BOSTON — `ONCE I got into college I realized how lucky I was to have had a high school with Advanced Placement art.'' So says Melissa Strickland, who returned this fall for her second year at the University of Georgia in Athens, Ga. Melissa received a 5, the highest mark, for her Advanced Placement (AP) Studio Art portfolio in 1988. The University of Georgia awarded her 10 units of elective credit. But she was still required to complete four basic freshman art courses.
``I think they should have exempted me from the entry courses,'' Melissa observes in a telephone interview. She says that the two courses she has completed have not caused her to challenge herself in ways she had hoped. Being praised in college for works that she feels are not her best, Melissa confesses, ``I began to slack off, and my work just has not been what it could be.''
To Melissa, it is the challenge and drive she experienced in high-school AP that is now lacking. ``You have to do [the AP portfolio] yourself, and you have to challenge yourself more to do well.''
Melissa emphasizes that the challenge of AP falls solely on the student. ``As far as I was concerned, I was pretty much on my own,'' she says.
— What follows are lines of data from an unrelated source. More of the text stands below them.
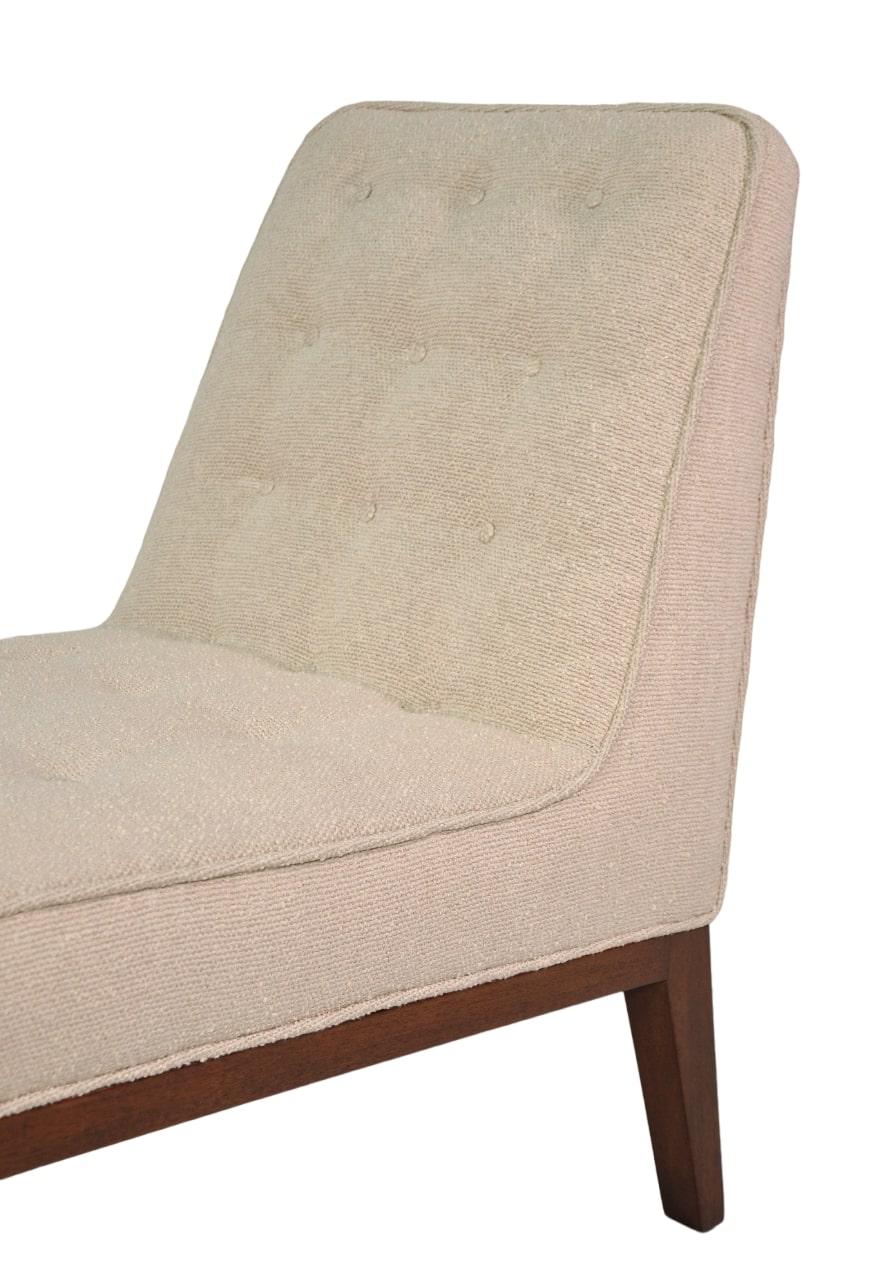 Lacquered Ecru Beige Boucle Sophia Slipper Chairs by Edward Wormley for Dunbar For Sale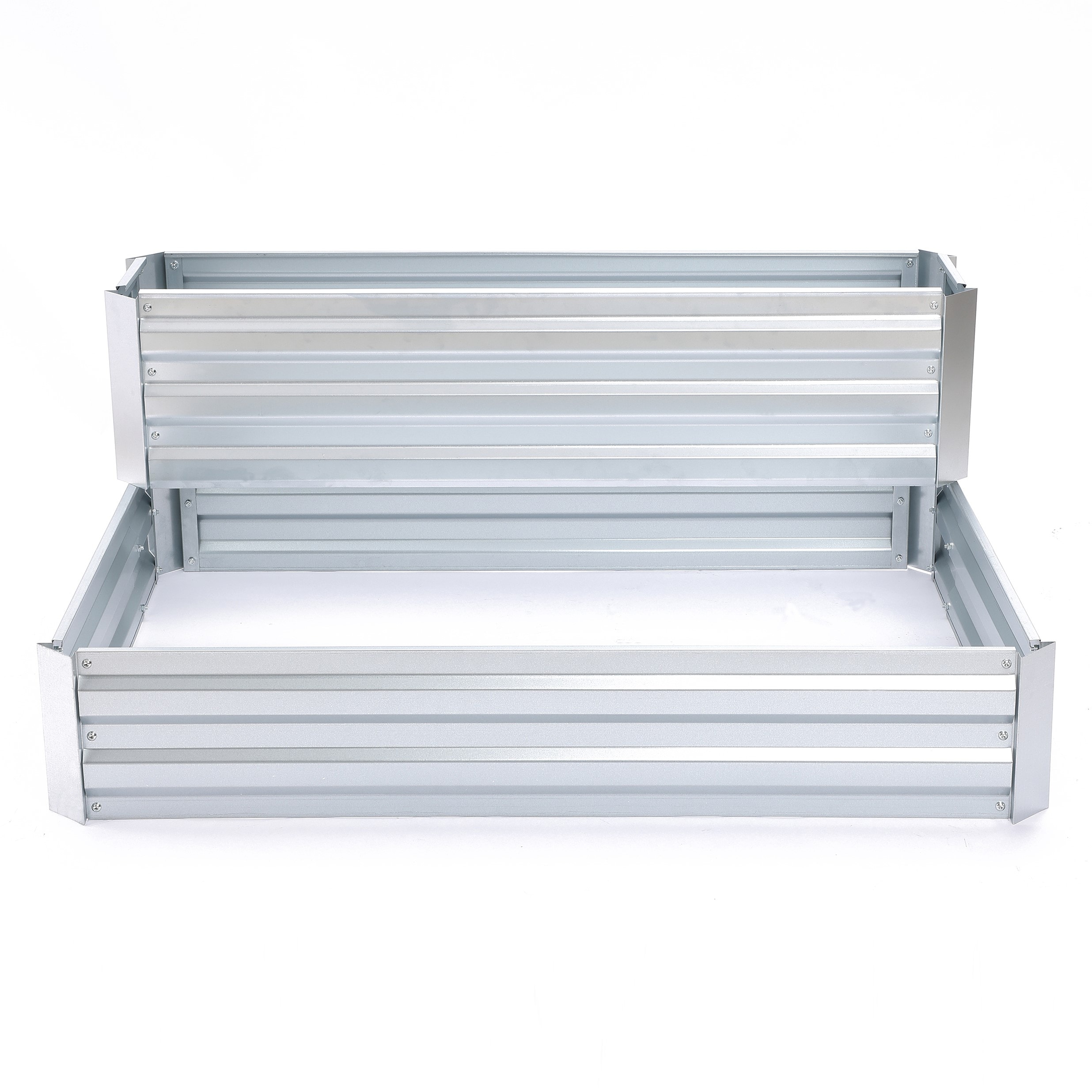 LuxenHome WHPL1668 47.5-in W x 38-in L x 19.75-in H Silver Galvanized Metal Raised Garden Bed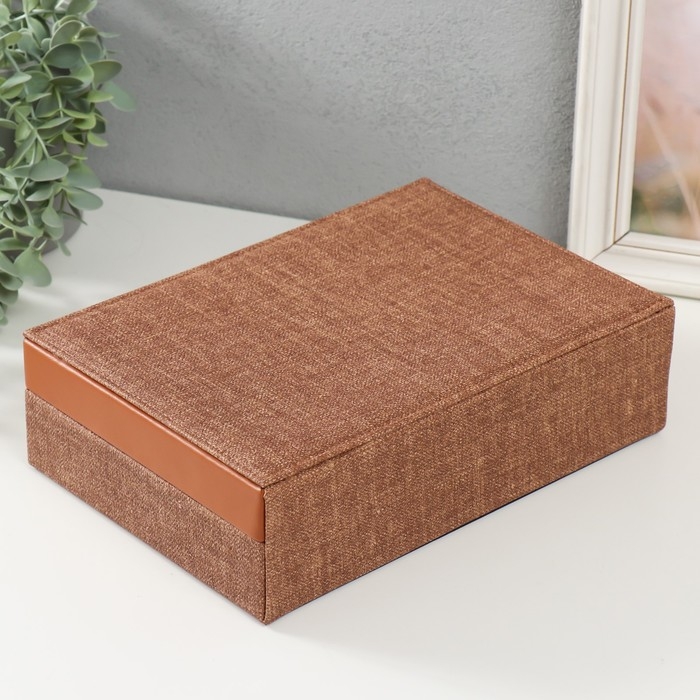 Шкатулка кожзам для украшений  Шкатулка кожзам для украшений "Шоколад" комбинированная 26,7х18,5х7,5 см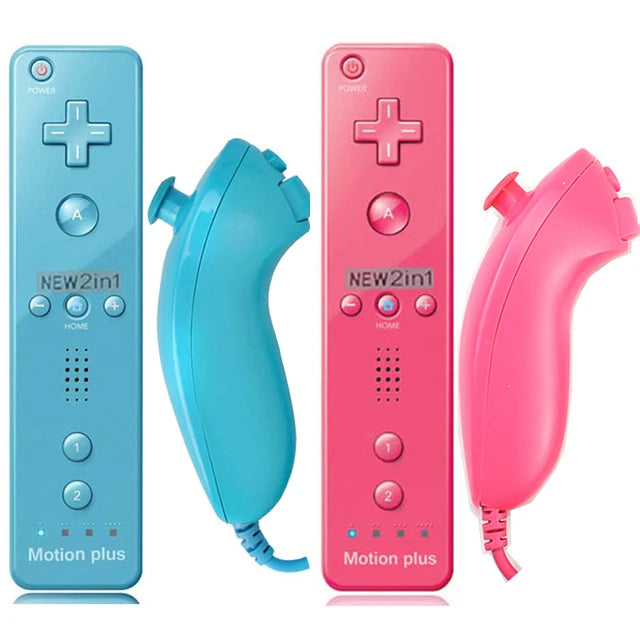 Pack 2 Controles Motion Plus con Nunchuck para Nintendo Wii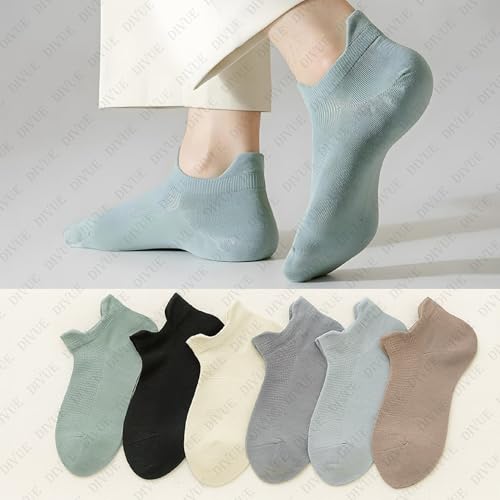 Image of DIVUE Ankle Length Socks for Men & Women | 6 Pair Multi Color Combo Pack | Soft Cotton Rich Fabric | Breathable, Sweat Absorbent & Durable | Comfortable Everyday Casual & Sports Socks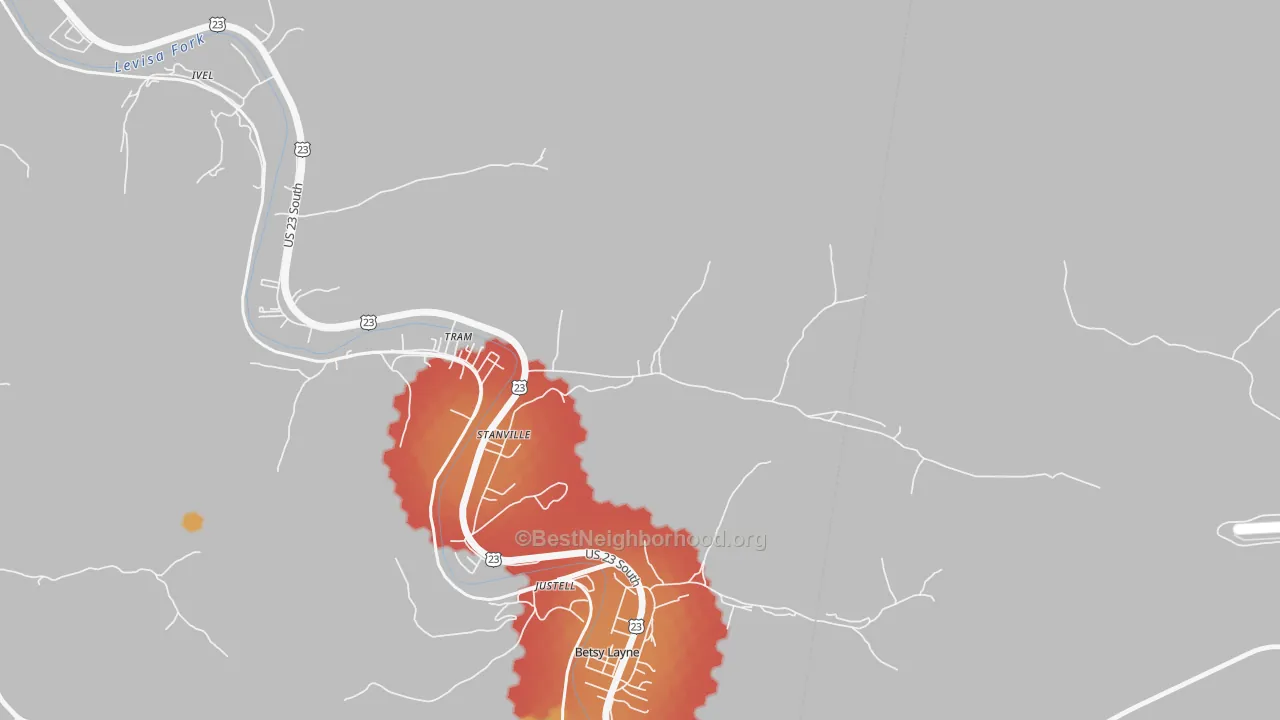 Walk Grade map of 41659, KY, walkable areas in green and car-dependent areas in red
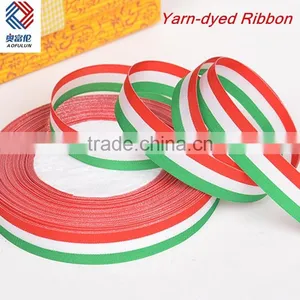 Red, White, Green Yarn-dyed Ribbon for Decoration thumbnail-1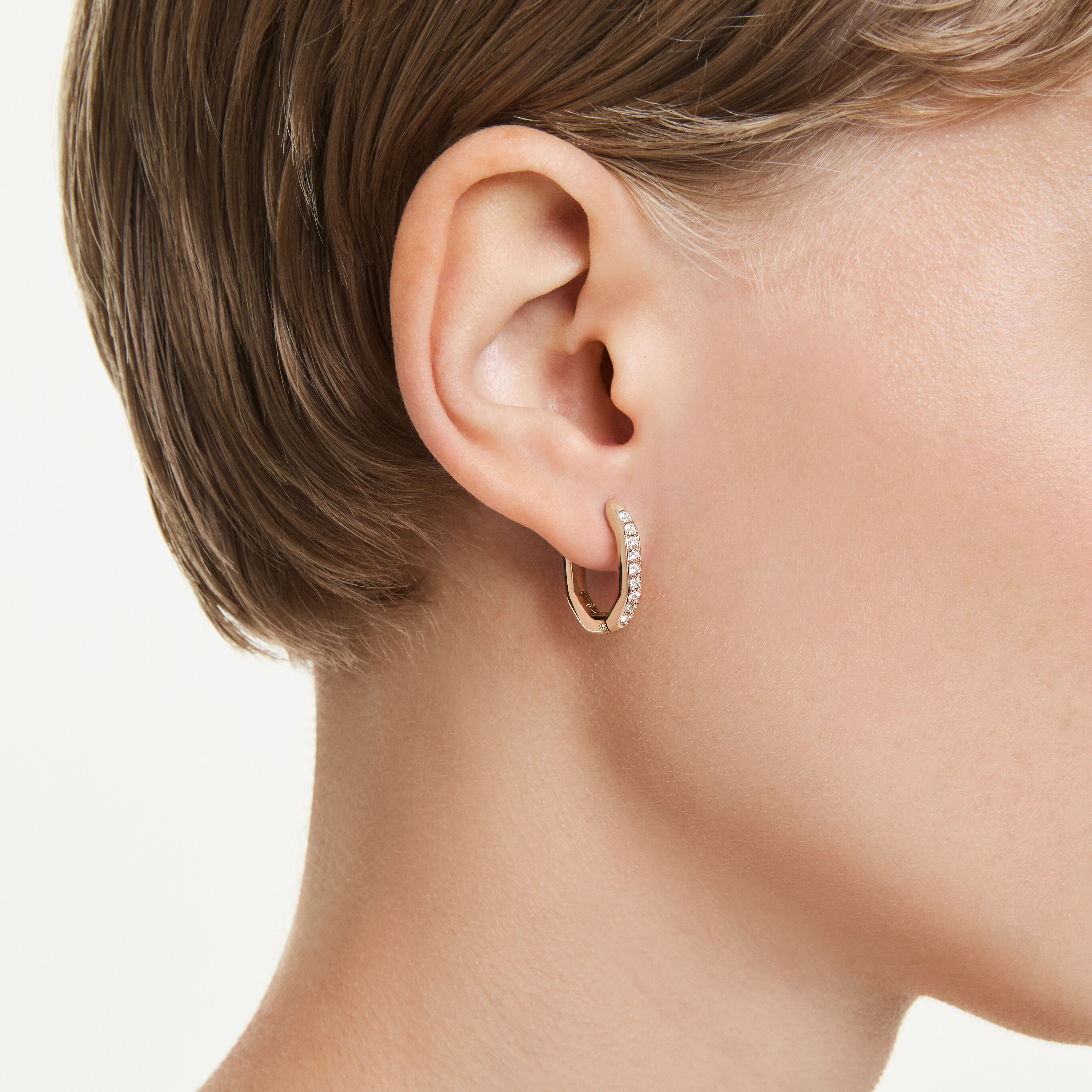 swarovski dextera hoop earrings  octagon shape  round cut  small  white  rose gold tone plated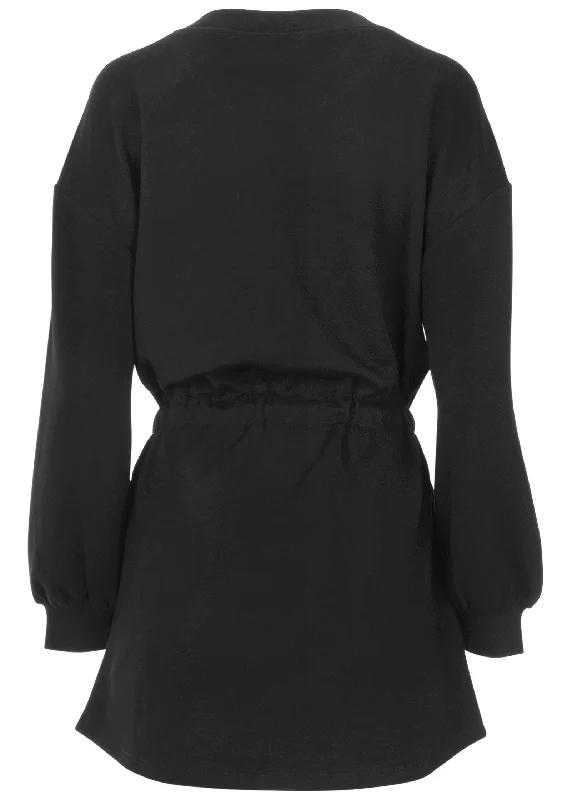 Double knit sleeved dress - Black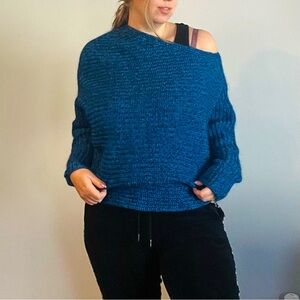 Alexander Wang Blue Off-the-Shoulder Sweater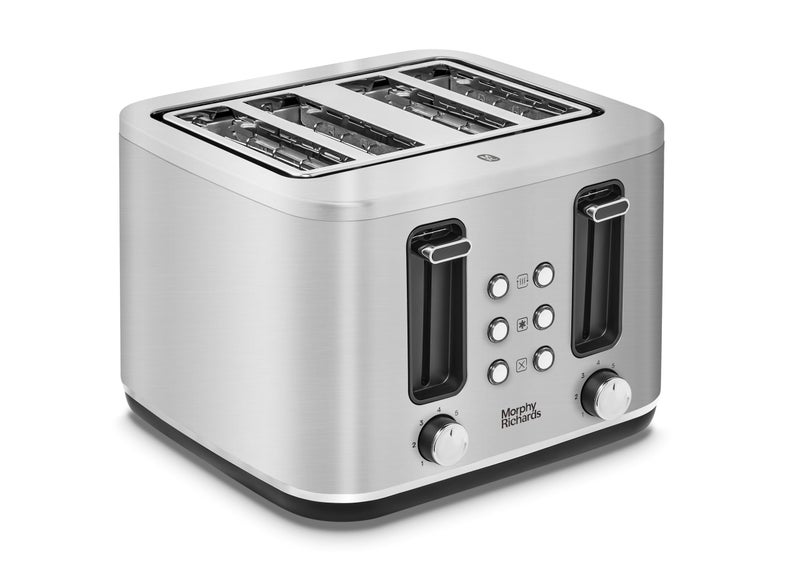 Morphy Richards Motive 4 Slice Toaster, Browning Controls, Reheat, Cancel and Defrost Settings, Bread Lever, Removable Crumb Tray, Electromagnet Cover, 1600W, Brushed Steel, 242800 - Image 3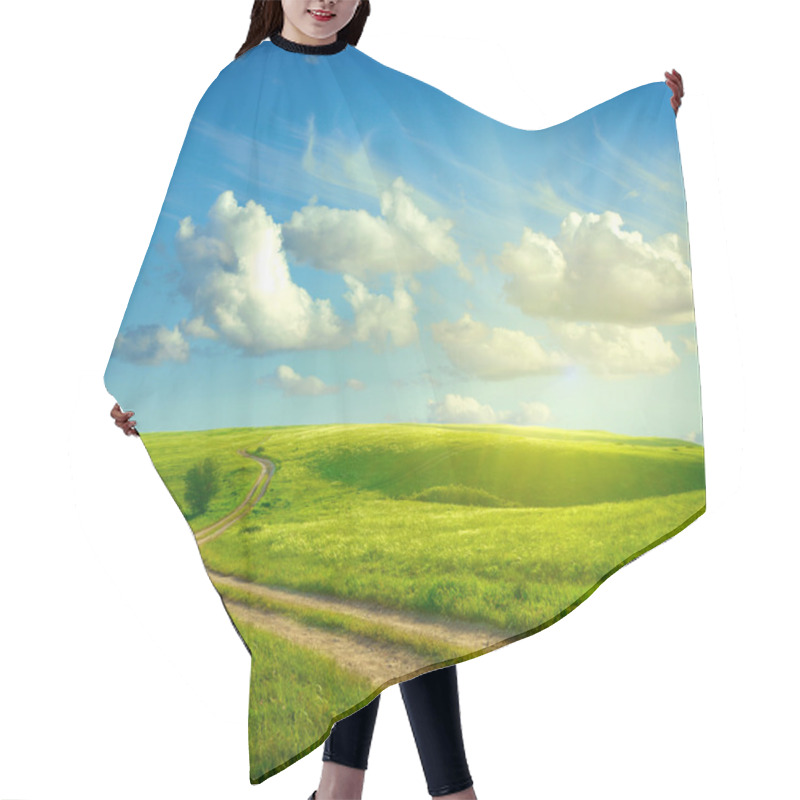 Personality  Summer Landscape With Green Grass, Road And Clouds Hair Cutting Cape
From her first year in high school in Spartanburg, S.C., Melissa knew that she would be putting together an AP portfolio. It was the first step to reaching her goal: professional achievement in graphic design.
The most difficult part of the project, she discovered, was the preparation during her senior year of high school. ``All of the first semester was spent just planning [her portfolio],'' she says. As opposed to submitting a basic portfolio of various works, she decided to put hers together in the design of a complete yearbook.
``I spent at least three hours a day, everyday, for the whole second semester putting it together,'' she says proudly.
``I think that every student should have the opportunity to do AP,'' concludes Melissa.